ROME'S PUBLIC BANKERS: THE MENSARII
The mensarii (from the word mensa or 'bank' in Latin) were highly respected public bankers appointed by the state in special circumstances, usually in periods of general poverty, especially during periods of war, their goal being to help plebeians overcome economic difficulties and avert social unrest. We note that in ancient Rome plebeians carrying debt (nexum) could be exposed to slavery when they were unable to fulfil their debt obligations. The mensarii first appeared in 352 BCE. Quinqueviri mensarii, forming a five-man commission, were appointed and a public bank was created to address the problem of citizens' indebtedness. The citizens who could provide security were covered from public resources by the quinqueviri mensarii. The citizens who could not do so, transmitted their property to creditors after a reliable valuation was done by public officials. Later, the Lex Minucia De Triumviris Mensariis was passed in 216 BCE which appointed a commission of three people that operated continually until 210 BCE. Its function was the same as the quinqueviri mensarii and even wider.
Some of the functions of the mensarii were actually the same as the argentarii and even during ancient times people confused the two. For example, the mensarii held deposits (e.g. soldiers' pay), and they determined the value of coins and their genuineness. The mensarii's role was considered to be positive overall as they were able to address the problem of excess debt in the Roman economy. The names of some mensarii such as Gaius Duilius, Publius Decius Mus, Marcus Papirius, Quintus Publius and Titus Emilius were widely known in the Roman world.
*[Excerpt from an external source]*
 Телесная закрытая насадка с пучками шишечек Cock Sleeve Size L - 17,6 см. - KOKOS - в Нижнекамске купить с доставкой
THE OFFICERS OF THE MINT: THE NUMMULARII
The nummularii were officers of the mint and their main role was to test the quality of new coins. They held a bank that put new coins into circulation and took old or foreign coins in exchange for new coins. Just like the argentarii and the mensarii, they tested the genuineness of coins especially when large sums were involved in transactions. Many of their functions were the same as the argentarii: they exchanged money for their own account, held deposits, lent money, made payments on behalf of their clients, executed sales – especially auctions of property according to a deceased's will, executed payments at foreign places through local bankers, and they kept books (codex) which could be used as proof in courts.
CONCLUSION
Besides being places of worship, many temples were initially repositories where money was deposited and where most banking transactions were conducted. The Roman money-changers, the argentarii, took a more important role in banking activities as trade in the Roman world grew. Their role was very similar to that of modern-day bankers as they were involved in a wide variety of banking functions. The mensarii were public bankers appointed by the state in periods of general poverty in charge of solving the problem of citizens' indebtedness. They were in a way similar to the "bad banks" set up nowadays, often with public funds to address the problem of non-performing loans in the economy. The nummularii were officers of the mint and their main role was the circulation of new coins, a function also done by modern-day banks. In conclusion, it is quite remarkable how widespread the use of credit was and how developed and complex banking activities were in the Roman world. Banking greatly contributed to the development of commerce and trade, and to the creation of wealth in ancient Rome.